Gary McKinnon claims he was looking for UFO files
Computer hacker Gary McKinnon has signed a confession which reflects his "culpability" to avoid extradition to the US, his lawyer has said.
Mr McKinnon who was born in Glasgow but lives in London, faces up to 70 years in prison if found guilty in the US of breaking into military computers.
The 42-year-old has signed a statement offering to plead guilty to a different charge under UK law.
The Crown Prosecution Service (CPS) said it was considering the statement.
His lawyer Karen Todner said he still denies causing damage, which the US authorities put at $800,000 dollars (£532,500), but signed a statement offering to plead guilty to a different charge under the Misuse of Computers Act in a bid to remain in the UK.
Ms Todner said she was awaiting a response from the Director of Public Prosecutions Keir Starmer QC, but added she was hopeful prosecutors would accept the deal.
"They are different offences to what he was being extradited for, but it reflects his culpability for what he did," she said.
Mr McKinnon, who has Asperger's Syndrome, trespassed on networks owned by Nasa, the US Army, Navy, Air Force, and Department of Defense in 2001 and 2002.
The US military said that Mr McKinnon left 300 computers at a US Navy weapons station unusable immediately after the 11 September 2001 attacks.
Mr McKinnon, from Wood Green, north London, claims he was looking for UFO files.

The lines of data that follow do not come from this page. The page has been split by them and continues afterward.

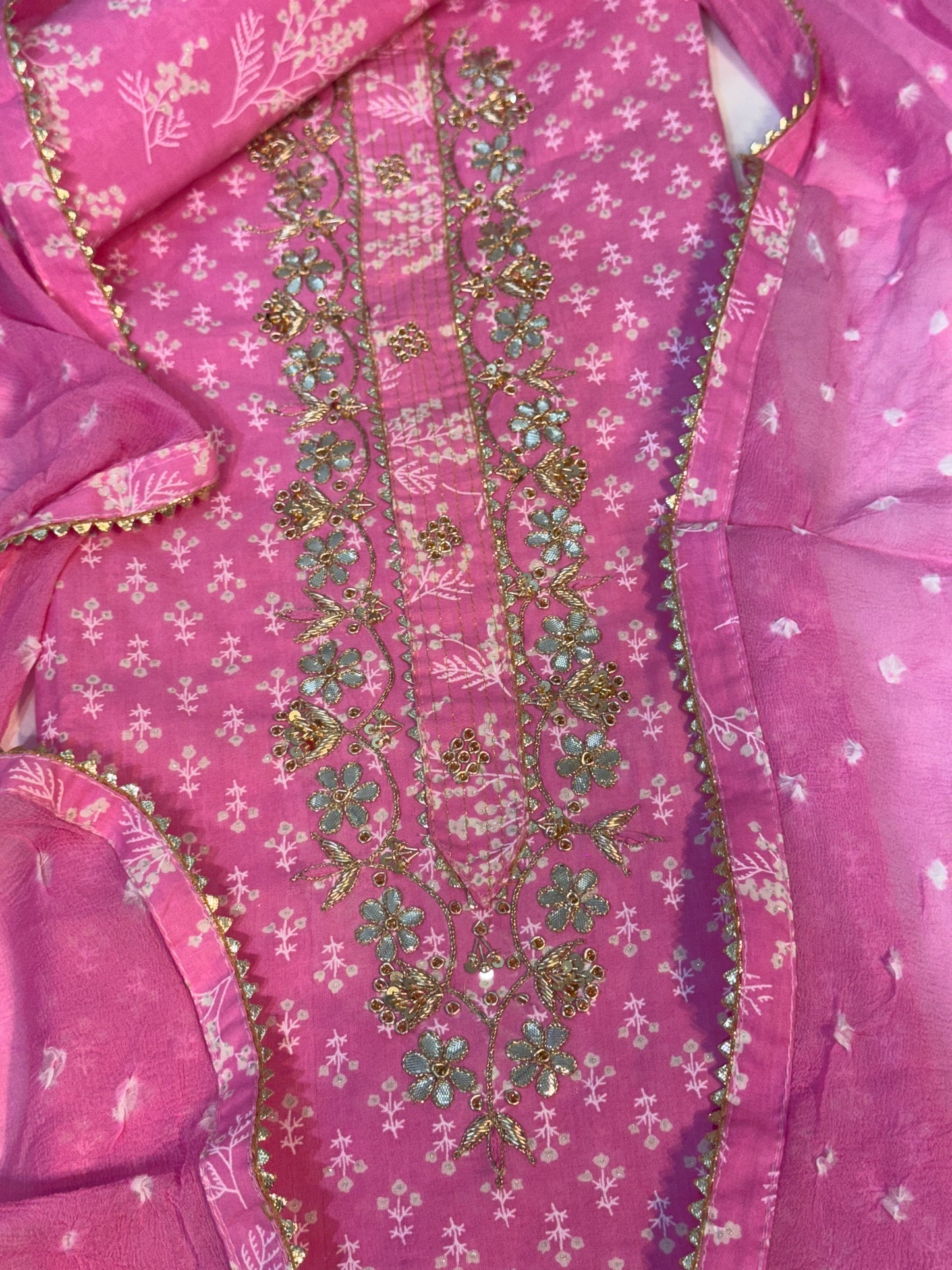 Beautiful Hand Embroidered Cotton Suit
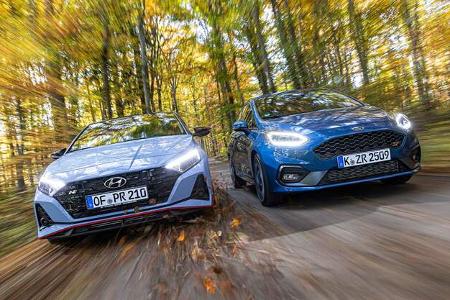 Ford Fiesta ST, Hyundai i20 N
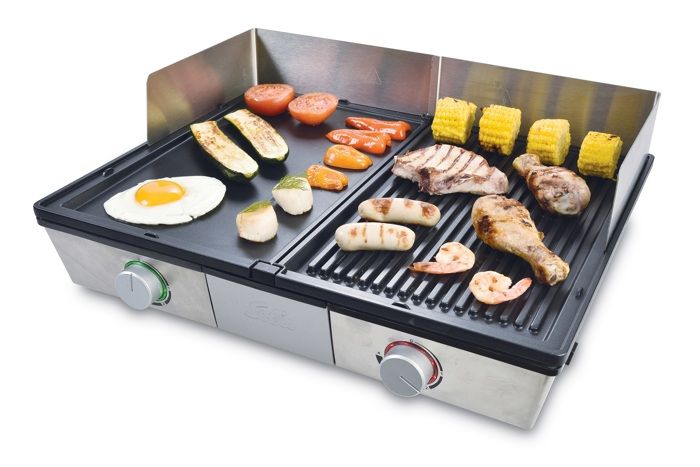 Gril Electrique - Plaque de Cuisson Posable - Grill Viande - 2 Spatules Inclus - Deli Grill 7951 Solis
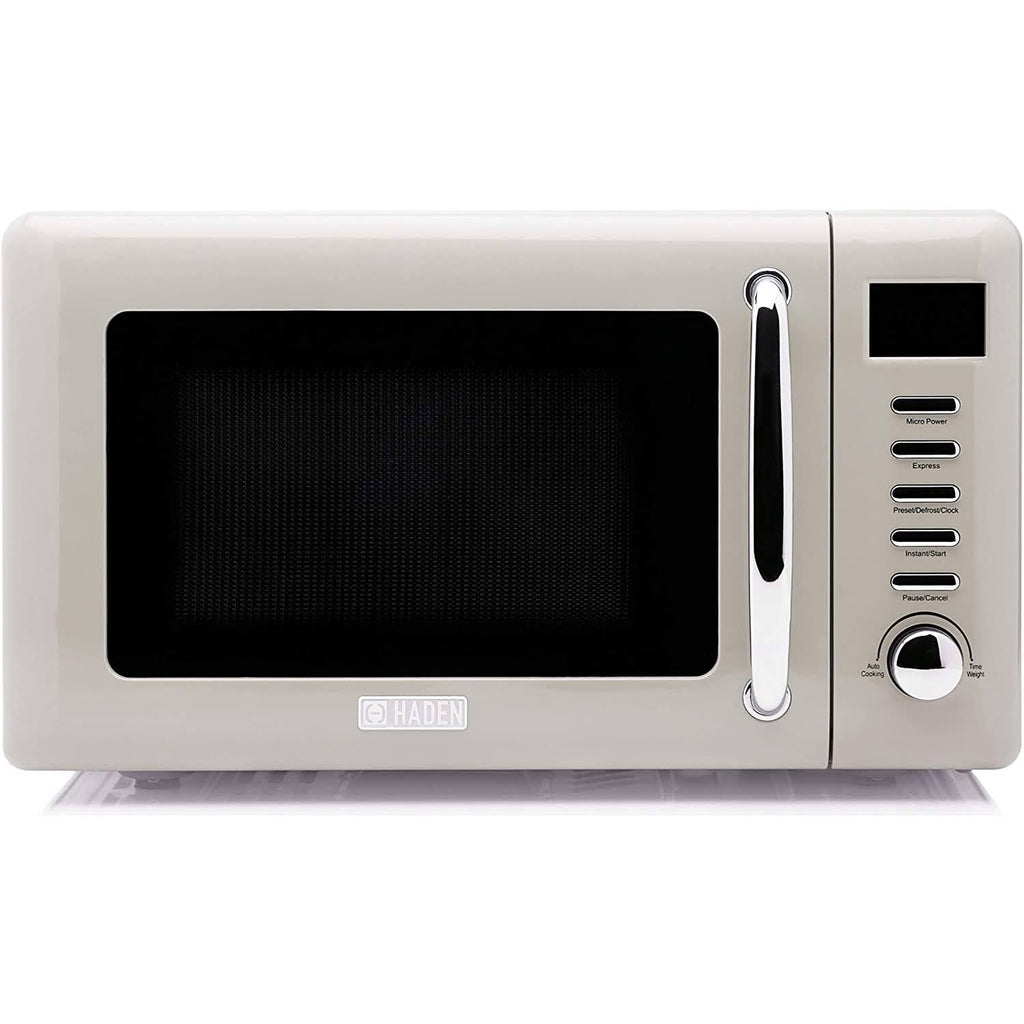 Haden Modern 700-Watt .7 Cubic Foot Microwave with Settings and Timer in Putty Beige 75030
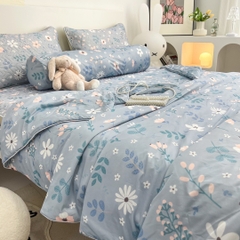 Bộ chăn ga gối lụa họa tiết Nishikawa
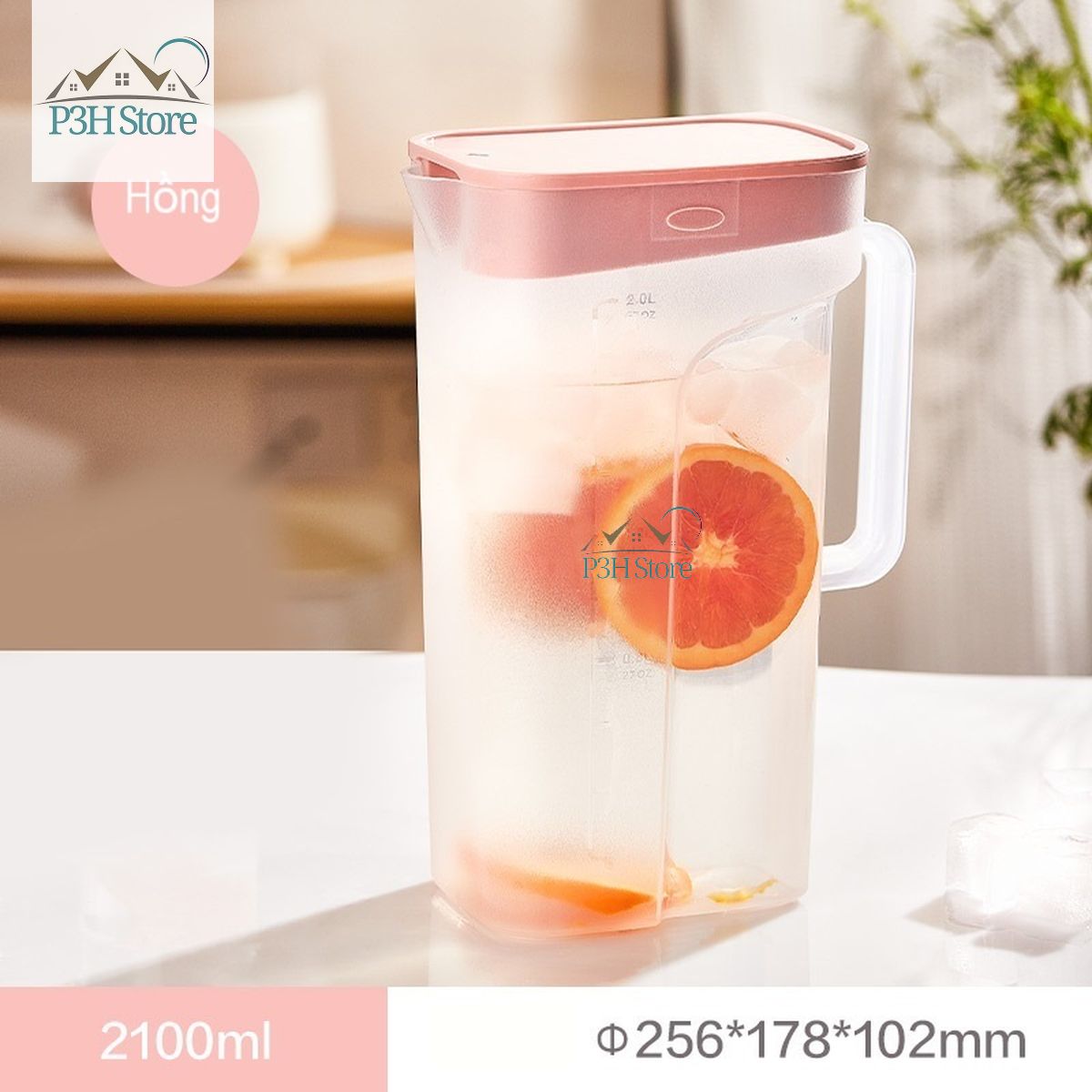 Bình đựng nước LocknLock One Handed Jug dung tích 2.1L HAP818 có tay cầm chắc chắn dung tích lớn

He was easily traced by the authorities because he had used his own e-mail address.
Despite taking his appeal to the House of Lords last year, he lost a six-year legal battle to avoid extradition.
The European Court of Human Rights also declined to back Mr McKinnon's case against extradition.
An application for permission for a judicial review of the proposed extradition is expected to be heard at the High Court, London, on 20 January.